Bug? Unicode post gets truncated / Random insertion of data. [Archive]

evannn

01-22-2008, 11:14 AM

Hi everyone,

We've set up a test server to test out conversion of myql db from latin to unicode.

Main purpose is to facilitate the non-English forums.

We've modified mysql's configuration and inserted the following:

[CLIENT]
default-character-set=utf8

[MYSQLD]
default-character-set=utf8
collation_server=utf8_unicode_ci
character_set_server=utf8
init-connect='SET NAMES utf8'

Next, under languages and phases, we changed language settings to UTF-8

Lastly, do a conversion on all vBulletin tables - convert all instances of latin to utf8_unicode_ci. Change the database collation to utf8_general too.

Things seems to work fine. All non-English data appear as it is (no HTML ENTITY was detected!)

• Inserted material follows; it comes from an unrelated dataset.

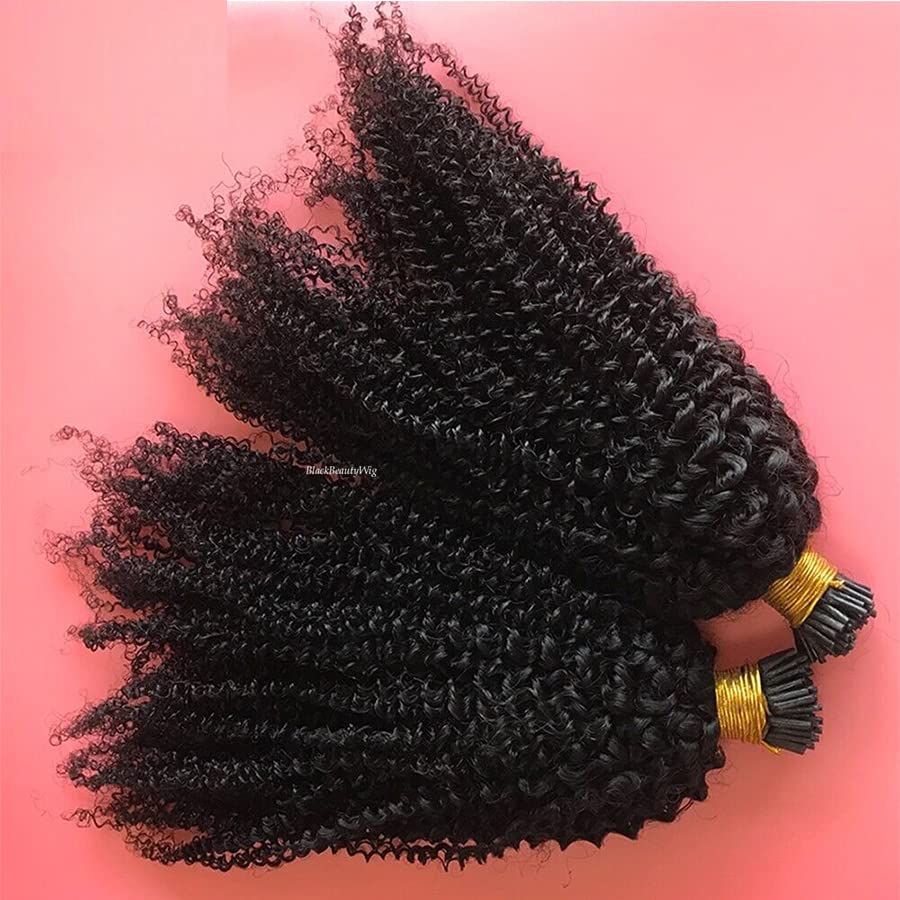 Microlink Kinky Curly i Tip Human Hair Extension mongolski Remy Hair Pre Bonded Micro Beads Keratin Stick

But we noticed 2 perculiar issues:

1. Line Break issues with non-English data during posting of new thread and replies

Eg: Assuming the following are unicode text

Para 1. XXXXXXX

Para 2. YYYYYYYY

Any text that is AFTER the LINE BREAK doesnt get inserted into the database. I've checked the tables - Only the text before the line break goes in. The rest simply disappears. (Para 2 onwards is not saved into the db)

Is this a bug? Should I submit a ticket?

2. When we post any new threads, random data gets inserted on its own. The data seems to be grabbed from other posts randomly.

Any advice?

Thanks

--------------- Added 1201007886 at 1201007886 ---------------

I'm thinking of using iconv to convert the encoding manually. I've also thought of re-creating the database from fresh again and dump in the iconv-ed data..

But it seems pretty irrelevant